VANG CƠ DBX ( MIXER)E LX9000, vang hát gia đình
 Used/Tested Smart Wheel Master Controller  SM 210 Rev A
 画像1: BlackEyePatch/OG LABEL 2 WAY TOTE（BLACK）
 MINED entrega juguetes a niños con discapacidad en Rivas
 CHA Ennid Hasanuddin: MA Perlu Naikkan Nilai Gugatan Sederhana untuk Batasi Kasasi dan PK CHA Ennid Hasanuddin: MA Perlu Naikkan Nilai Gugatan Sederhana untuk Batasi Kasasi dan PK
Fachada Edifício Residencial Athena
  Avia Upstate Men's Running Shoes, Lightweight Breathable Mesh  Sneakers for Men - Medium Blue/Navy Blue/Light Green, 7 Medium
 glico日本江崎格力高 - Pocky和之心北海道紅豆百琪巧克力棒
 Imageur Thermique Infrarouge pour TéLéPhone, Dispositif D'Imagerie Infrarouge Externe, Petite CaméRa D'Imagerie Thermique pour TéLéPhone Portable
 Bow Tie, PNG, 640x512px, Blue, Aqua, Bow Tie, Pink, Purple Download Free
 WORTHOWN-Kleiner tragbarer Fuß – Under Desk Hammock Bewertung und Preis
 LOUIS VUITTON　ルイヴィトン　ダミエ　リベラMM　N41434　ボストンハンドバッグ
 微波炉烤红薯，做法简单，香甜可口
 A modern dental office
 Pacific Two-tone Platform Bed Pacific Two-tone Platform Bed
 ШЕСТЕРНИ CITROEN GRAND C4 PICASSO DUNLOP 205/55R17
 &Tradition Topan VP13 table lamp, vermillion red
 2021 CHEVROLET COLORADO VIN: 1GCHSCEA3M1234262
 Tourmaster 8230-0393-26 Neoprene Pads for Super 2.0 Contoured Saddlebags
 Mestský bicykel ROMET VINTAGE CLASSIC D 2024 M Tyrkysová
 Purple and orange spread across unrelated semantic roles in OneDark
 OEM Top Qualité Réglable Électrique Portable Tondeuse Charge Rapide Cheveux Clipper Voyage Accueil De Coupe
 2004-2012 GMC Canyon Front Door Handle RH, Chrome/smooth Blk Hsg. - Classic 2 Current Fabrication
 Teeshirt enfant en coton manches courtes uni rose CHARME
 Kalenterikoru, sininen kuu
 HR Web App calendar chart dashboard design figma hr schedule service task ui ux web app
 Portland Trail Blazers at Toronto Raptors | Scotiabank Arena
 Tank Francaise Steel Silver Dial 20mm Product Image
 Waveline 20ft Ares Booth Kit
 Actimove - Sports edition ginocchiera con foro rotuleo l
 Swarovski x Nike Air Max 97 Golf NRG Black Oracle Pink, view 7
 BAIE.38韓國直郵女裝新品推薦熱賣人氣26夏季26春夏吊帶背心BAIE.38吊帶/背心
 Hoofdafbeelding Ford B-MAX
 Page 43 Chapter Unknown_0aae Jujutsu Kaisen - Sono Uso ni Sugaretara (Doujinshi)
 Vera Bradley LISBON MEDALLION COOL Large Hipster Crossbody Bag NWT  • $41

====================

EXERCISE DESCRIPTION: Copy out the range of lines above starting at the line with "A modern dental office" and ending at the line with "2021 CHEVROLET COLORADO", exactly and including both.

REPLY:
 A modern dental office
 Pacific Two-tone Platform Bed Pacific Two-tone Platform Bed
 ШЕСТЕРНИ CITROEN GRAND C4 PICASSO DUNLOP 205/55R17
 &Tradition Topan VP13 table lamp, vermillion red
 2021 CHEVROLET COLORADO VIN: 1GCHSCEA3M1234262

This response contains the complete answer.